Poisonings are among those situations in emergency medicine where recognizing clinical patterns is immediately decisive for therapy. Reliable history is often unavailable – patients are unconscious, uncooperative, or collateral information is contradictory. This is precisely where the concept of toxidromes comes in: recurring symptom constellations that point to specific substance classes and enable you to initiate targeted therapy before toxicological lab results are available. Systematic knowledge of the four major toxidromes – cholinergic, anticholinergic, sympathomimetic, and opioid syndrome – is indispensable for every emergency physician and can make the difference between targeted antidote administration and valuable time lost.

The Concept of Toxidromes

A toxidrome (from "toxic" and "syndrome") refers to a characteristic cluster of vital signs, pupillary changes, skin findings, level of consciousness, and other clinical signs caused by a specific substance class. The clinical examination follows a structured approach:

• Vital signs: Heart rate, blood pressure, respiratory rate, temperature
• Pupils: Miosis vs. mydriasis, light reaction
• Skin: Dry vs. moist, color, temperature
• Mucous membranes: Dry vs. moist
• Bowel sounds: Increased vs. decreased/absent
• Consciousness: Agitation vs. somnolence/coma
• Muscle tone: Flaccid vs. increased, fasciculations

In most cases, these parameters are sufficient to identify one of the classic toxidromes and initiate rational initial therapy. The key is that you perform this examination systematically and completely – individual findings are often nonspecific; only the pattern points the way.

Cholinergic Toxidrome

Pathophysiology

The cholinergic toxidrome results from overactivation of muscarinic and nicotinic acetylcholine receptors. Classic triggers include:

• Organophosphates and carbamates (pesticides, nerve agents)
• Cholinesterase inhibitors (neostigmine, physostigmine in overdose)
• Certain mushroom toxins (muscarine-containing mushrooms such as Inocybe and Clitocybe species)

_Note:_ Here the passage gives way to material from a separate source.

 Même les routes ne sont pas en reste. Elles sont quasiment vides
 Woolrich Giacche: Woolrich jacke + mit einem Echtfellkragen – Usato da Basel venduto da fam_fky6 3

Organophosphates inhibit acetylcholinesterase irreversibly, carbamates reversibly. In both cases, acetylcholine accumulates at muscarinic and nicotinic synapses.

Key Symptoms

The muscarinic symptoms can be remembered using the mnemonics SLUDGE or DUMBELS:

• Salivation
• Lacrimation
• Urination
• Defecation
• Gastrointestinal cramps
• Emesis

Additionally with DUMBELS: Bronchospasm and Bronchorrhea as well as Miosis.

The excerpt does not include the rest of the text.